Patricio started by apologising for his English (personally I thought his English was fine), apologised for his voice (he is sick) and for the fact he didn’t know what day it was as he was in Argentina less than 30 hours ago. Part of the story within the novel is common knowledge and it was a painful story for Patricio to write and this is why the story must be written in fragments. It was important to find a form that was unconventional to tell the story as there has been many versions of this story over the years. It was important that the book was not closed at the end of the novel, it was also difficult to think about the right structure and have a balance between fact and fiction. The fiction aspect was added to allow the reader to have the opportunity to think that they story was fiction. Adding fictional aspects was also a way to escape parental control over the novel. The feeling of your parents reading your novel can be very paralysing.

Eugen’s book has the same mixture of fact and fiction within it as parts of the story had to be invented. Fiction in some cases, can be more true than reality. Readers from East Germany feel like the novel is taking their history seriously and West Germany are curious about what really happened during that period of history. As a writer, Eugen feels it is important to keep out of your book as much as possible so you don’t influence the characters.
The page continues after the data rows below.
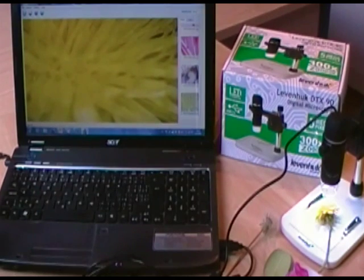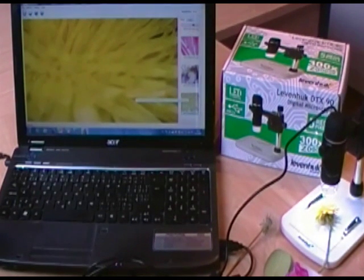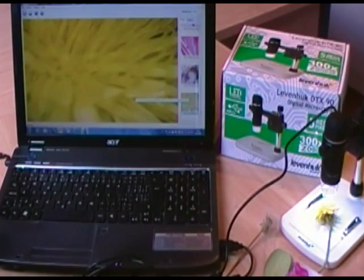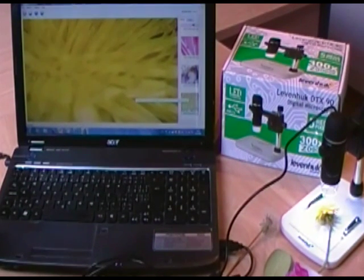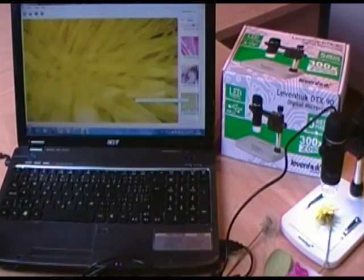This microscope has the ability to work with a PC and, for example, for an interactive whiteboard presentation. It is very easy to work with.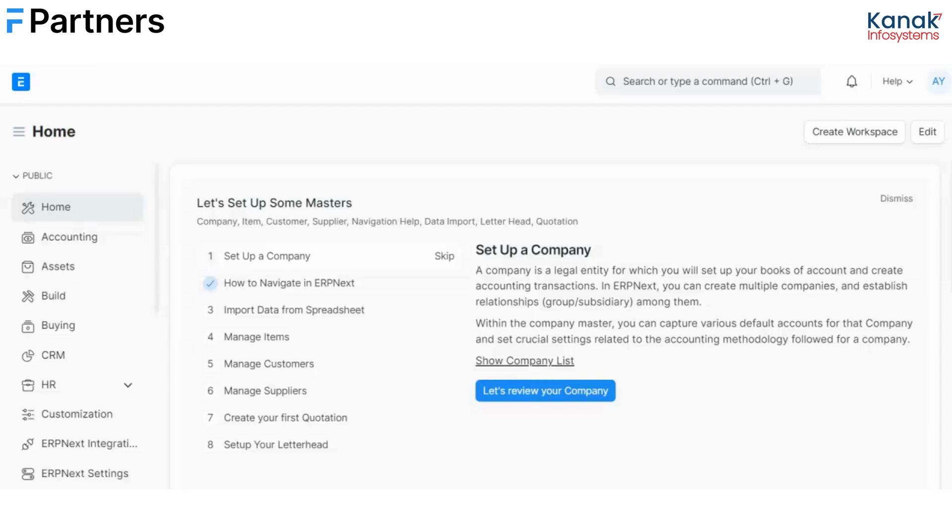Hello, we are Kanak Infosystems LLP and today we will be discussing system notification for new sales order based on cost centers.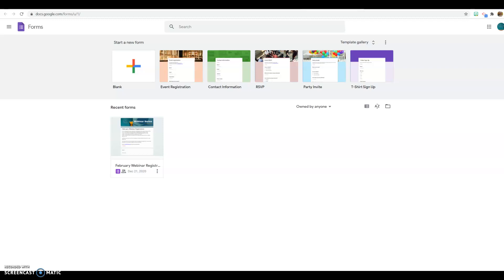Today I want to show you Google Forms. Google Forms is a Google product — you need to have a Google account in order to use it. The people who are completing your form do not need to have a Google account, so you can set that up so that anyone can complete it.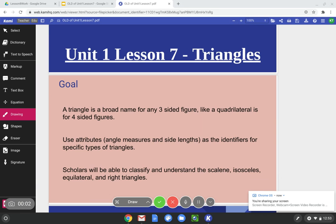Hello, Bronx Middle School! Today we are starting triangles, and this is going to be lesson 7. The word triangle is a broad name for any shape with three sides, just as a quadrilateral was a broad name for any shape with four sides.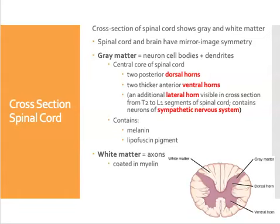We're going to continue on now with the gross anatomy of the spinal cord. We're going to look at a cross-section of the cord and identify where we have gray matter and white matter.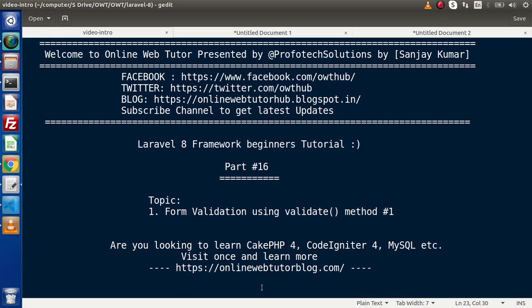Hello guys, welcome to Online Web Tutor. I am Sanjay. We are learning Laravel 8 Framework tutorial. This is part number 16. Inside this video, we will discuss about form validation using the validate method.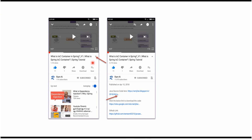You can get the Java source code link from the description of the video. On mobile, click the expand icon to see the description — it contains the Java source code links. Click on those links to get the source code.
Where you consulted by the translator during the process? How do you feel about the English translation?
Patricio stated that he has worked with a lot of translators, they ultimately offer a different view of the book. He really likes how his books sound in English and feels like none of the musicality of the novel has been lost during the translation process. Sometimes writers don’t like what they write but they must write it. It is important to write a book that allows people to ask questions again.

Eugen didn’t met his English translator however they did talk over email. He feels like he can tell that the book has been translated by a woman, the rhythm is different and seems weaker.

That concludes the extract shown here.